PARQUE DO TERRO: UMA VISITA INDESEJADA (cap. 3)

Entre julho e novembro, o céu de Santos ficava cinza, e o ar frio mesmo ao meio dia, quando Carlye saía da sua toca, que ficava no segundo andar, descendo a escada externa em espiral, a escada de madeira que ele amava tanto, mas estava agora cheia de cupins (malditos vermes!) refletia exatamente o seu estado de espírito. Poderia até dizer gelado como todos sempre o classificaram; um homem sem sentimentos; um homem implacável, anti-social. Sim, ele adorava todas essas qualidades que aquelas toupeiras de seus antigos colegas e familiares julgavam por serem defeitos ou propensões. Sim, ele adorava ser considerado um homem frio. O frio era bom. O frio fazia com que as pessoas pensassem e assim ele sempre as fez pensarem.

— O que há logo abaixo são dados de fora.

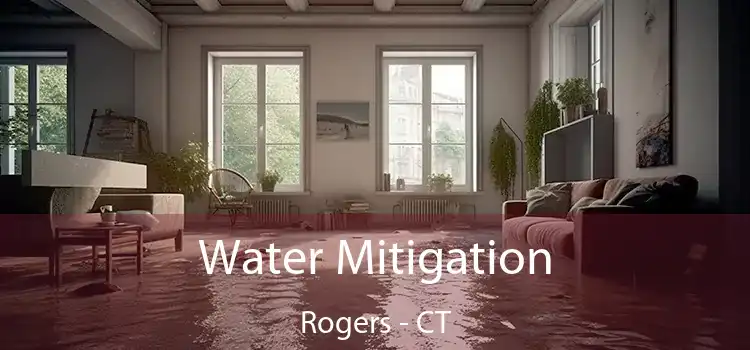 Water Mitigation Rogers - CT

Mas, vinte anos depois, sabe lá quem ainda estivera viva. Quem? A Dona Sidney, a empregada da casa? Talvez. Ele não a matara. (Não eu, o cão. Sim, o cão, droga. Mas sim, o cão que sou eu. E ele sou eu!). Enfim, a velha não tinha ido trabalhar naquela tarde e deu sorte. Uma predestinada talvez seja melhor dizer. Uma predestinada sortuda que merecia sim o mesmo fim de toda sua família. Eles foram destroçados pelo Satân com toda a honradez possível. O cão assassino, conforme ficou conhecido por aqueles malditos jornalistas de Londres (Mas você minha querida Nancy, você era tão linda, não merecia, não!). Mas, todos tiveram o fim ao qual foram destinados e Carlye não tinha nenhuma culpa guardada em parte nenhuma de seu ser.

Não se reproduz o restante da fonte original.